Python Data Structure and Algorithm Tutorial – Balanced Binary Tree

Balanced Binary Tree

 

In this tutorial, you will learn about a balanced binary tree and its different types. Also, you will find working examples of a balanced binary tree in Python.

A balanced binary tree, also referred to as a height-balanced binary tree, is defined as a binary tree in which the height of the left and right subtree of any node differ by not more than 1.

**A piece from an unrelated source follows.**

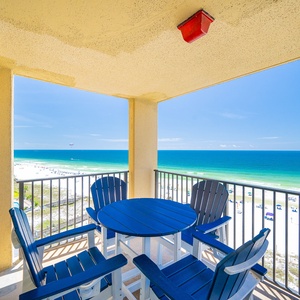 Relaxing view from the balcony overlooking the pristine beach and turquoise waters, with seating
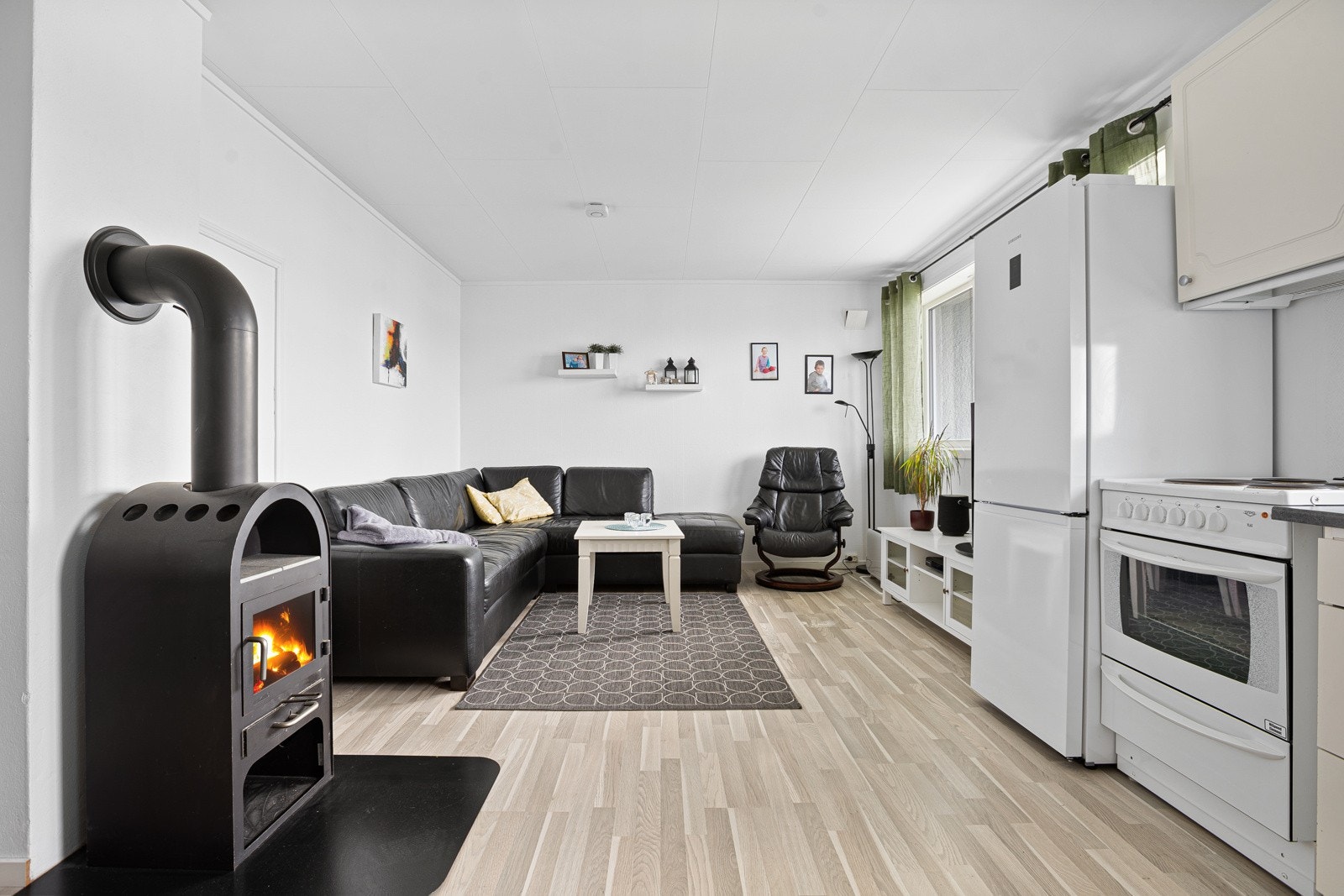 Romslig og åpen stue-/kjøkkenløsning. Egen peis her og! Galleribilde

To learn more about the height of a tree/node, visit Tree Data Structure.Following are the conditions for a height-balanced binary tree:

  1. difference between the left and the right subtree for any node is not more than one
  2. the left subtree is balanced
  3. the right subtree is balanced

 

Balanced Binary Tree Example
Balanced Binary Tree with depth at each level
Unbalanced Binary Tree Example
Unbalanced Binary Tree with depth at each level

Python Examples

The following code is for checking whether a tree is height-balanced.

/* Checking if a binary tree is CalculateHeight balanced in Python */

/* CreateNode creation */
class CreateNode:

    def __init__(self, item):
        self.item = item
        self.left = self.right = None


/* Calculate height */
class CalculateHeight:
    def __init__(self):
        self.CalculateHeight = 0


/* Check height balance */
def is_height_balanced(root, CalculateHeight):

    left_height = CalculateHeight()
    right_height = CalculateHeight()

    if root is None:
        return True

    l = is_height_balanced(root.left, left_height)
    r = is_height_balanced(root.right, right_height)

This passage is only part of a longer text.